Provided records:
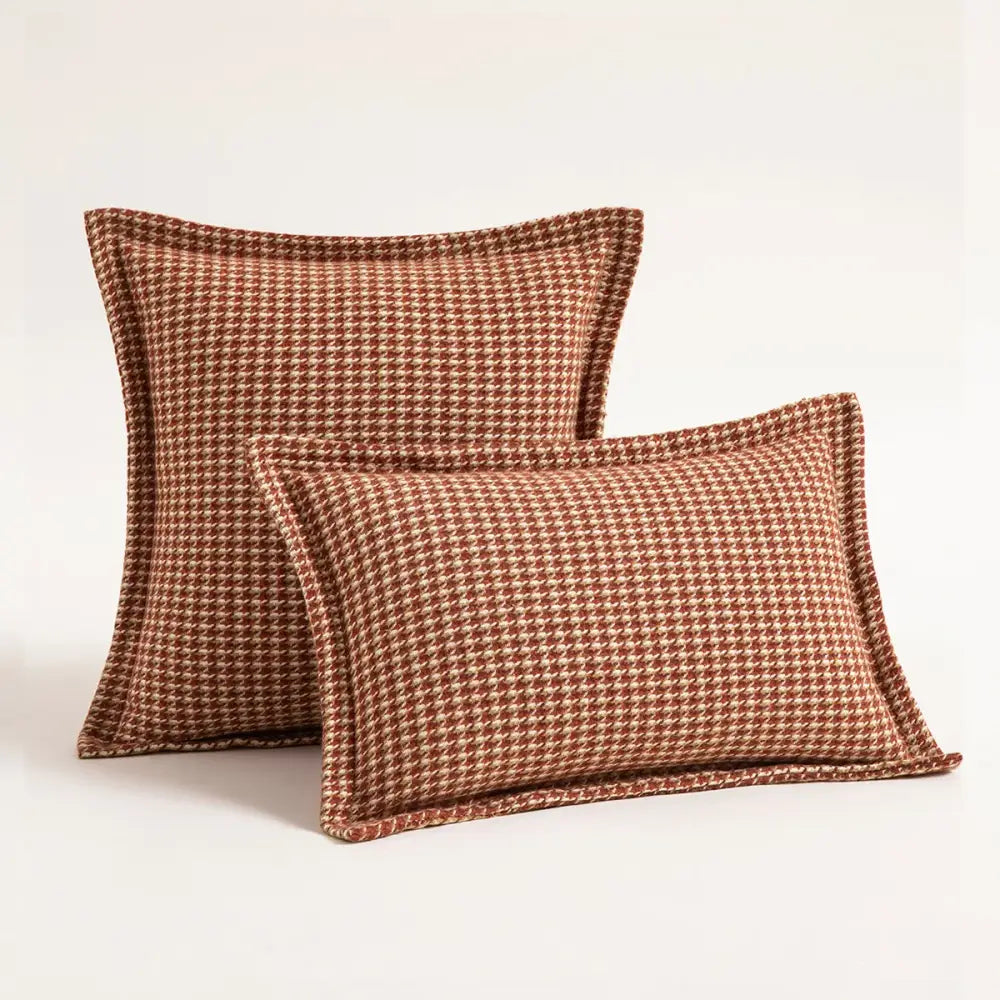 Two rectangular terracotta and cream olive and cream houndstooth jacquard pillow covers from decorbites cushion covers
==
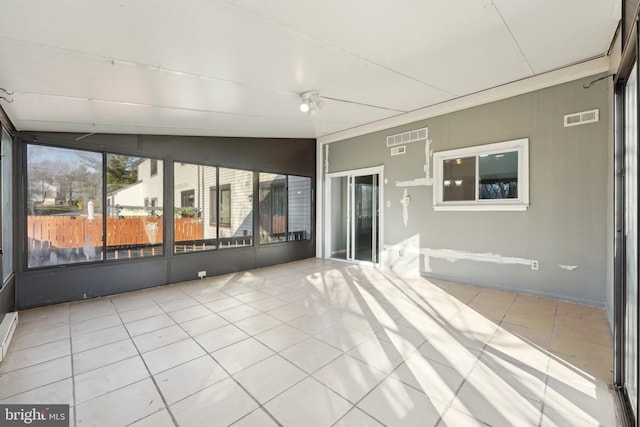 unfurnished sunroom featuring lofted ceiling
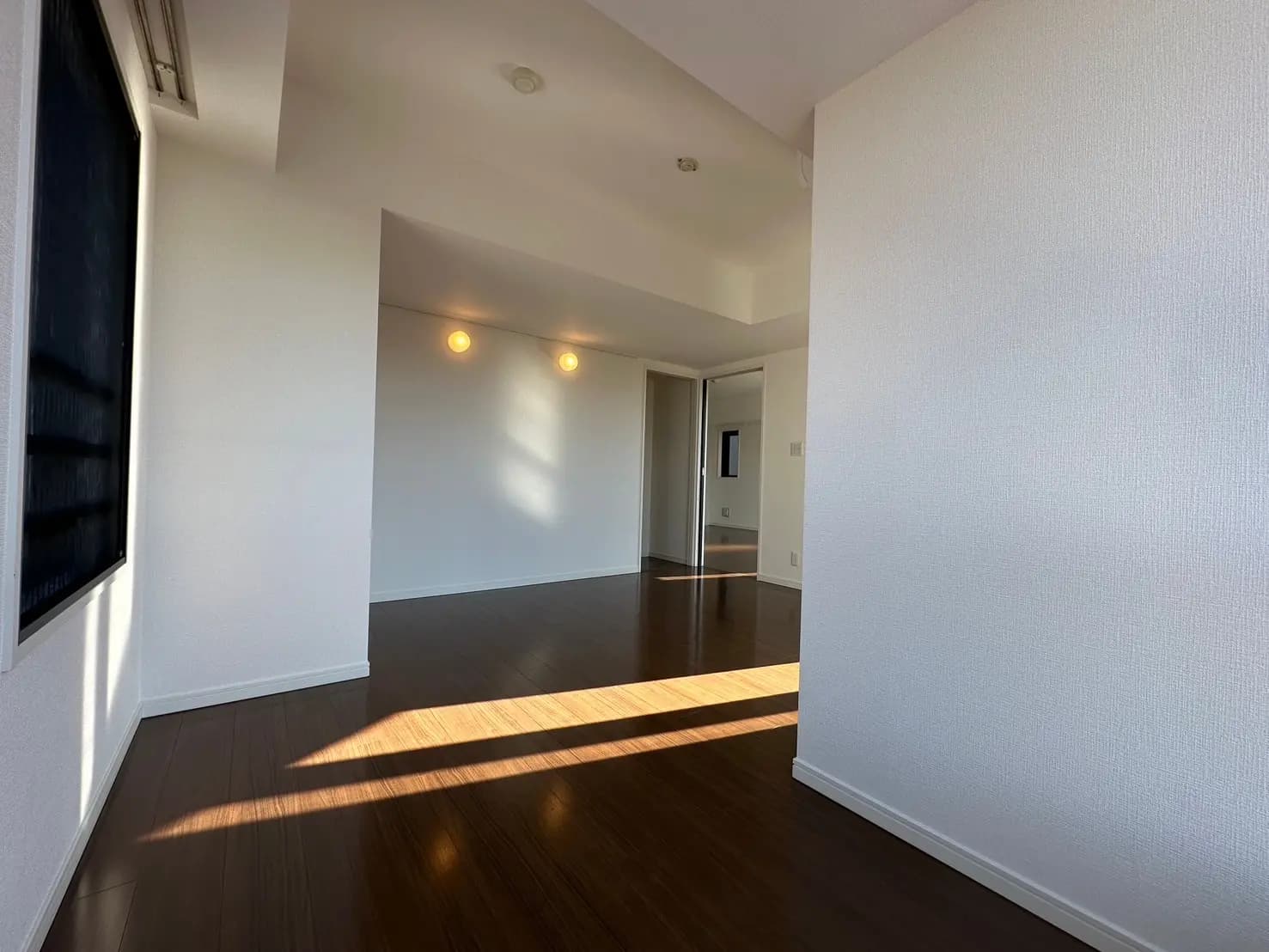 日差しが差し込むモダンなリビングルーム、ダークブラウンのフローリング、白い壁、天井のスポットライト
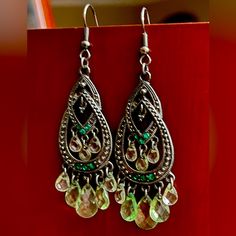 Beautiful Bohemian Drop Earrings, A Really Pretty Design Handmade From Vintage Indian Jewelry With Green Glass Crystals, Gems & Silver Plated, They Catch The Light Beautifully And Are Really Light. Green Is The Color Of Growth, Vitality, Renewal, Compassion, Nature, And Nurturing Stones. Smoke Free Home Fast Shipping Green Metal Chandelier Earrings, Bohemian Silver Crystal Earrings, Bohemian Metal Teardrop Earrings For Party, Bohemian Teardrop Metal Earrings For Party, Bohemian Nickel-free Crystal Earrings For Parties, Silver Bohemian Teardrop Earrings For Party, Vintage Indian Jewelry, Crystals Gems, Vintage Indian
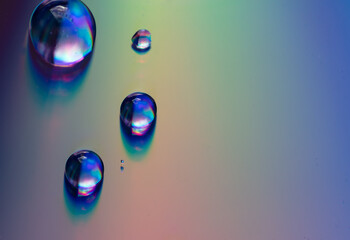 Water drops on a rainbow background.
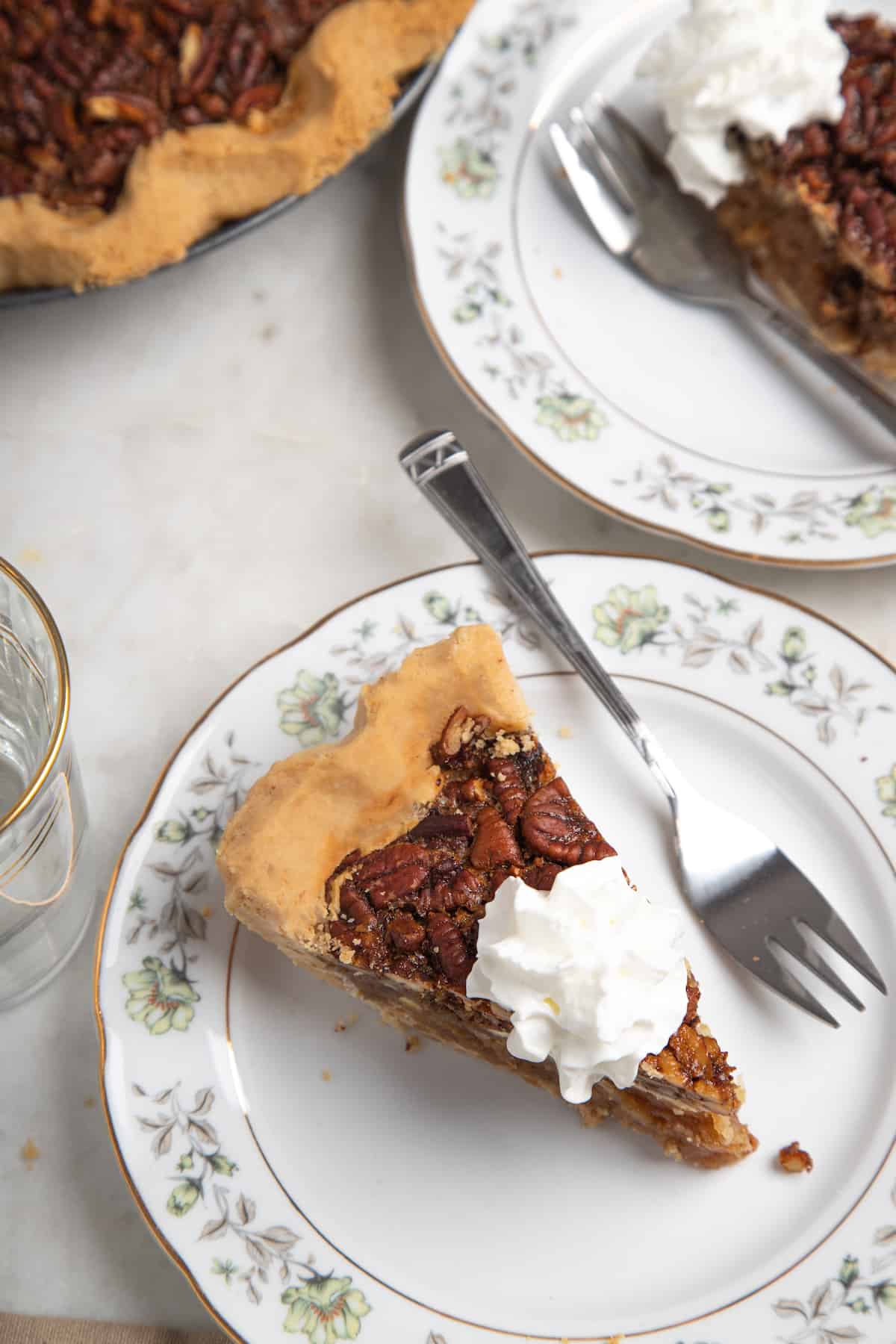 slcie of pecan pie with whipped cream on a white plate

Task directions: Which part of the entries opens with the line containing "Beautiful Bohemian Drop" and closes with the line containing "slcie of pecan"? Output that part exactly, ends included, pictures excluded.

Response area:
 Beautiful Bohemian Drop Earrings, A Really Pretty Design Handmade From Vintage Indian Jewelry With Green Glass Crystals, Gems & Silver Plated, They Catch The Light Beautifully And Are Really Light. Green Is The Color Of Growth, Vitality, Renewal, Compassion, Nature, And Nurturing Stones. Smoke Free Home Fast Shipping Green Metal Chandelier Earrings, Bohemian Silver Crystal Earrings, Bohemian Metal Teardrop Earrings For Party, Bohemian Teardrop Metal Earrings For Party, Bohemian Nickel-free Crystal Earrings For Parties, Silver Bohemian Teardrop Earrings For Party, Vintage Indian Jewelry, Crystals Gems, Vintage Indian
 Water drops on a rainbow background.
 slcie of pecan pie with whipped cream on a white plate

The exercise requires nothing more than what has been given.